Notes From Madoo: Storm
Midday and lovely, the 26th of August, well before the eve of the storm, a day and more before its brunt. Fell Irene, Irene most foul, Irene so lovely a name to be so affixed and hence besmirched. All of the other “I”s I can rummage up are equally fine, save, I suppose, Irma, which doesn’t sound like a name at all: Ivy, Ilene, Iphegenia, Ilsa, Ida, Ilka, Imogen. It would be a shame to abuse them by attaching them to a weather event brooding with the direct of consequences.

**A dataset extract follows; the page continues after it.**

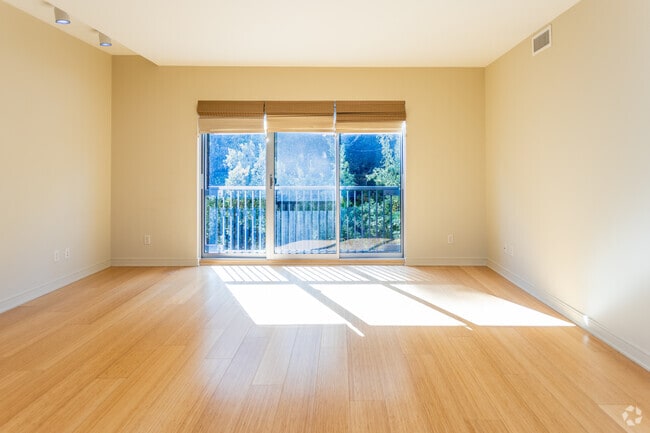 1BR, 1BA-892SF - Gateway Commons: A Travis Hyde Community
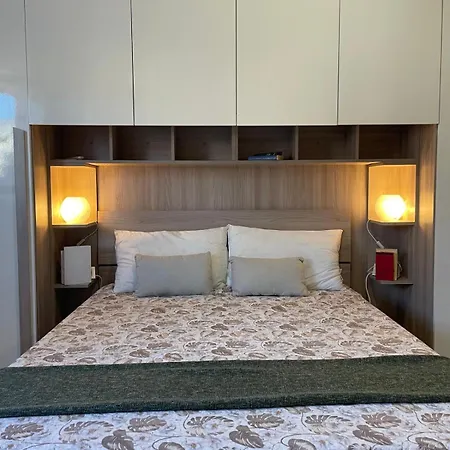 Bnbook Magico Lägenhet Dormelletto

All Irenes ought to rise and protest. I didn’t, some years back, when my name was similarly taken. “Bob Threatens Coast” ran the headline. As if I knew how to. As if I had such a thought. As if estuaries, basins, harbors, millraces, and bays cringed at the sight of me. Domesticating fierce storms by giving them neighborly monikers does not render them tame or fun or in any way diminish their fury.
What about bad sorts instead? Nero, Amin, Peron, Mussolini, Stalin, Tamerlane, Genghis Khan (his father), Nixon, Qaddafi, Lucrezia Borgia, Satan, the anti-Christ. Vlad the Impaler and Dracula and Clytemnestra represented bad weather when they were alive and left the earth considerably wrecked when they were gone.
The descriptives. Adjectives and adverbs. “Awful” would be a very good tag for a wrecker of a storm. So too horrible, ghastly, bad, hellish, madness, doom, louse, and lousy and I think you get my drift.
And then there are all of those one wouldn’t want to serve or break a bit of bread with. The boor, for example, as well as the bore. The mockup, mess, nutcase, mass murderer, assassin, chatterbox, rumormonger, plug-ugly, pig, ass, dastard, prig, bogeyman, perpetrator, sneak, tattletale, liar. . . .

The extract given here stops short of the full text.